No leque de medidas para viabilizar o acesso a medicamentos no SUS, o legislador não pode deixar de ampliar as possibilidades de importação paralela, toda vez que um produto é comercializado em outro país, pelo titular da patente ou por terceiros autorizados, por um preço mais baixo do que o praticado no Brasil. Esse impeditivo leva a distorções absurdas.

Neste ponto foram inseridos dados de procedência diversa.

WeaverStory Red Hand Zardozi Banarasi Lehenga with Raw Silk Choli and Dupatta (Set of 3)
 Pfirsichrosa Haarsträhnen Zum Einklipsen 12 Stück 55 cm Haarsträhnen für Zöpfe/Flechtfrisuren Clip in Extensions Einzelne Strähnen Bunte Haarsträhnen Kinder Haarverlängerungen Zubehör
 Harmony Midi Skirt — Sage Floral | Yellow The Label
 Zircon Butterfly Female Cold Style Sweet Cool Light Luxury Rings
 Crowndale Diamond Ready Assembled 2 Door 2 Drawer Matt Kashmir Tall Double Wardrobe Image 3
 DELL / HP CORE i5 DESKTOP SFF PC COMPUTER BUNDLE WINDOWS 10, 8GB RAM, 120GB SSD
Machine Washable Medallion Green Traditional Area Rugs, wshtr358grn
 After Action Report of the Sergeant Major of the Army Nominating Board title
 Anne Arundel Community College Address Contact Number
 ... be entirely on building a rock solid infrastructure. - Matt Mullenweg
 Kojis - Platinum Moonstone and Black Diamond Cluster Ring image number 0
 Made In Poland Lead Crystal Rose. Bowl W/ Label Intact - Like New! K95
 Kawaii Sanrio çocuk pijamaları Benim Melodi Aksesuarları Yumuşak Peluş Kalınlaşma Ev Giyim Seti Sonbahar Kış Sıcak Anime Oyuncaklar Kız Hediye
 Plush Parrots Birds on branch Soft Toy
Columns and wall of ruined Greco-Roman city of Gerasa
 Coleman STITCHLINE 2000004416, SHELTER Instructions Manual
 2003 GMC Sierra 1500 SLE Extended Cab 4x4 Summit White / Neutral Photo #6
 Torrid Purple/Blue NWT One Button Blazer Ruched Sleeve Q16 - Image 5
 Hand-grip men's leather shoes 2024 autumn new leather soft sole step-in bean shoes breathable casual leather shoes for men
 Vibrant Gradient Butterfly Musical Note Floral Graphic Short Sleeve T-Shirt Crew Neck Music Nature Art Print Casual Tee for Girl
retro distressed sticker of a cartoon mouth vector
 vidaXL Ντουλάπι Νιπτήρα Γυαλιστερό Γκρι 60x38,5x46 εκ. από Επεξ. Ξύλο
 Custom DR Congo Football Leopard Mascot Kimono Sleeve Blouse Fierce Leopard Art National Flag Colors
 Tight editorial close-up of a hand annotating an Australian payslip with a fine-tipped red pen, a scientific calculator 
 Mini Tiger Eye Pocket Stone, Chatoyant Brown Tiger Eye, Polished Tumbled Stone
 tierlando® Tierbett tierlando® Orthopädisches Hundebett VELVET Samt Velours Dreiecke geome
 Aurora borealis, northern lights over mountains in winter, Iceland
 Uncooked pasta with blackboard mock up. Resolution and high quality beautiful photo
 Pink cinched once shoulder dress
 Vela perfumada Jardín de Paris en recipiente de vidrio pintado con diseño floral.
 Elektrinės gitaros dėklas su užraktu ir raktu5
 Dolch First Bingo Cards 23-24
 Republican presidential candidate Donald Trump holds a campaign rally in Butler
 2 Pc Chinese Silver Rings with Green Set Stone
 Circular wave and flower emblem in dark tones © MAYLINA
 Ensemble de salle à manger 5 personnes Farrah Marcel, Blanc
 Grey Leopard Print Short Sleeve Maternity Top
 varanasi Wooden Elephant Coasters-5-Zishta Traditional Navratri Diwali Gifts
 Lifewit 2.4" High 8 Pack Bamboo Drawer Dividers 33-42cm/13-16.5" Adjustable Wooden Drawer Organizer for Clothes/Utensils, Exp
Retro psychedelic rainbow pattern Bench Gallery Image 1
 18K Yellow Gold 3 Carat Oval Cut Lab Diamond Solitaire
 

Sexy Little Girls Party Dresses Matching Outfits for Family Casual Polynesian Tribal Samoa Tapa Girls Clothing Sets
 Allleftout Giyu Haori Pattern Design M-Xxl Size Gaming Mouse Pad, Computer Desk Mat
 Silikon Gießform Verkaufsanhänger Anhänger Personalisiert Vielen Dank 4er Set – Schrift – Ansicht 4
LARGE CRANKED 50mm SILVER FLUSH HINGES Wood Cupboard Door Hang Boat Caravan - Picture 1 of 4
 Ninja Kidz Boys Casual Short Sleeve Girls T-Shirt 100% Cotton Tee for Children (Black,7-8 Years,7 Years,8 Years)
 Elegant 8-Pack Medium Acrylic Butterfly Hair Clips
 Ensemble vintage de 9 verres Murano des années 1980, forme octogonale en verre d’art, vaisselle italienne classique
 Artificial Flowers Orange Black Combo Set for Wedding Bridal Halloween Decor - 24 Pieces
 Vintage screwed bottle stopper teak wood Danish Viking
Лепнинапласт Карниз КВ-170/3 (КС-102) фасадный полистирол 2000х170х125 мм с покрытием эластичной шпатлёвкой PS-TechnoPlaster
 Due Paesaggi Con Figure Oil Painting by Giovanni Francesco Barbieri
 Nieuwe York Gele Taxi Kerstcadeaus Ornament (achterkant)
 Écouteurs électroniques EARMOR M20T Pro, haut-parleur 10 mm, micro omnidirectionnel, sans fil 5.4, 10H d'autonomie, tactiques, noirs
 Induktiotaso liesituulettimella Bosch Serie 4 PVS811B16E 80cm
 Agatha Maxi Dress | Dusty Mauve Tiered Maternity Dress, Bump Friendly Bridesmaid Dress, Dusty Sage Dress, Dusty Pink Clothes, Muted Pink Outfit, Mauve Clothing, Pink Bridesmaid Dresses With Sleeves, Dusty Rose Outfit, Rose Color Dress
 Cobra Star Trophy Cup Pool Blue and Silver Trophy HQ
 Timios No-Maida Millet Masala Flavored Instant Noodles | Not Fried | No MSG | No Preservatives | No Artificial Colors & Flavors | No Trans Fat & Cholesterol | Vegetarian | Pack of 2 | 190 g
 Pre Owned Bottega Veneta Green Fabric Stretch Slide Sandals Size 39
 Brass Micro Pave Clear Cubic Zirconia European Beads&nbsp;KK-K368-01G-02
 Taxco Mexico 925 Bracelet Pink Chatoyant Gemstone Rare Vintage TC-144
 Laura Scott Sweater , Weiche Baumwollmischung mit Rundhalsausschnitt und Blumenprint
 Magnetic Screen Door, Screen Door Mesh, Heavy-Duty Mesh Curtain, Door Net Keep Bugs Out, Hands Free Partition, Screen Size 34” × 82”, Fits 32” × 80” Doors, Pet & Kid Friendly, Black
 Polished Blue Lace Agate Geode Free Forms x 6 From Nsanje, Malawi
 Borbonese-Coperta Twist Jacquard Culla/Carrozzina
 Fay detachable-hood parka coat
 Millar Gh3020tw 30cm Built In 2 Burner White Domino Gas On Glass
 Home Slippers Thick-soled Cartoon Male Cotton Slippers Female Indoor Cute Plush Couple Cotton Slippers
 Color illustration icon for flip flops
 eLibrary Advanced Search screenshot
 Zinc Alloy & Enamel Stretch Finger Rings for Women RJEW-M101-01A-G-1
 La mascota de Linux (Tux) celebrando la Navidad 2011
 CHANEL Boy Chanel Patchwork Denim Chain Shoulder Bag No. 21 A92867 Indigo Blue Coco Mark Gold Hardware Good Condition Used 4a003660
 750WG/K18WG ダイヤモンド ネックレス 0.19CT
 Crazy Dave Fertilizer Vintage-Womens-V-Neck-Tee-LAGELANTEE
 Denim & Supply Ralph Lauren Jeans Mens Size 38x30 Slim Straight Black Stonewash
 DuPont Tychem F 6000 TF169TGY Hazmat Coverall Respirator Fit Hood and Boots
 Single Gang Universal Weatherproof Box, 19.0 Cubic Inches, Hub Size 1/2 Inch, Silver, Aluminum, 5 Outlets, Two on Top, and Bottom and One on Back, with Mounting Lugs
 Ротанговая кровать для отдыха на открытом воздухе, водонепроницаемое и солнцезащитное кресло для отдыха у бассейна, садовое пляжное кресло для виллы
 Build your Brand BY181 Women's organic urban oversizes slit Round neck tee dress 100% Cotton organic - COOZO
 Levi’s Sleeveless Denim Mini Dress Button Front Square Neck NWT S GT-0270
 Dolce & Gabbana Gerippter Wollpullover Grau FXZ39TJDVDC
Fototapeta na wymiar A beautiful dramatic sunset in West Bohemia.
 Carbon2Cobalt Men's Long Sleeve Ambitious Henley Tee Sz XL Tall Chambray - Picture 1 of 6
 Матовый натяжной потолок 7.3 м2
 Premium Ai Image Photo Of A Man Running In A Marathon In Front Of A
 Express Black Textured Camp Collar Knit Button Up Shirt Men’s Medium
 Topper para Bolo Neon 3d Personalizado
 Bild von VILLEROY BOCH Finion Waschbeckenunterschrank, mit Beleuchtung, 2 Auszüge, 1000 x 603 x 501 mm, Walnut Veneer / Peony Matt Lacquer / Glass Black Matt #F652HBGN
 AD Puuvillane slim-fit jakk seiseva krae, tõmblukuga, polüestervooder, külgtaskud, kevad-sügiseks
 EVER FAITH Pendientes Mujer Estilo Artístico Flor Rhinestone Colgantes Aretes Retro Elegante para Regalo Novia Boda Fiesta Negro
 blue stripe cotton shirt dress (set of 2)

Por exemplo, um medicamento anti-HIV, o atazanavir, vendido para o Ministério da Saúde por US$ 2,80 o comprimido, é encontrado por US$ 0,53 no mercado internacional, mesma situação do antibiótico linezolida, cujo preço no Brasil chega a US$82,00 contra US$ 2,50 em outros países.
Na concessão de patentes, o Instituto Nacional de Propriedade Industrial (INPI) muitas vezes deixa de considerar o interesse da saúde pública. Por isso, na revisão do marco legal, deve ser ressaltado o mecanismo de análise e anuência prévia das patentes de medicamentos pela Agência Nacional de Vigilância Sanitária (Anvisa).
Qualquer pessoa ou entidade interessada, por meio de questionamento fundamentado, deveria ter a oportunidade de evitar a concessão equivocada de uma patente, mas para isso devem ser instituídos mecanismos formais de oposição a pedidos de patentes, o que hoje não é plenamente garantido na lei.
Faz-se necessário, ainda, proibir a exclusividade de dados de medicamentos, a exemplo de resultados de ensaios pré-clínicos e clínicos, fornecidos pelas empresas durante o período de registro. Fora da lei atual, essa exclusividade vem sendo garantida por decisões judiciais que concedem o sigilo, a pedido de empresas detentoras dos dados, o que dificulta a produção de genéricos após a expiração do monopólio, o que resulta de fato na extensão da patente além do tempo da concessão.
O novo texto legal precisa, ainda, excluir, do rol de produtos que podem ser patenteados, os medicamentos para tratar doenças negligenciadas, como tuberculose, malária, hanseníase, dengue, doença de chagas, leishmaniose, dentre outras.
A discussão sobre a revisão da lei de patentes ocorre num momento de intensa expressão pública pela garantia dos direitos essenciais, com destaque para a reivindicação do acesso a saúde. É, portanto, anseio da sociedade, a conquista de uma lei de patentes que evite abusos e subterfúgios, que estimule a verdadeira inovação e que adote todas as flexibilidades previstas nos acordos internacionais. Ao fim, trata-se de aprovar nova lei e fixar novas práticas para que o direito à propriedade intelectual e ao lucro não se sobreponham ao direito à saúde e à vida.
* – Jorge Beloqui, professor do Instituto de Matemática e Estatística da USP.
** – Mário Scheffer, professor do Departamento de Medicina Preventiva da Faculdade de Medicina da USP, são ativistas da luta contra a aids e membros do Grupo de Trabalho em Propriedade Intelectual da Rede Brasileira pela Integração dos Povos (GTPI/Rebrip).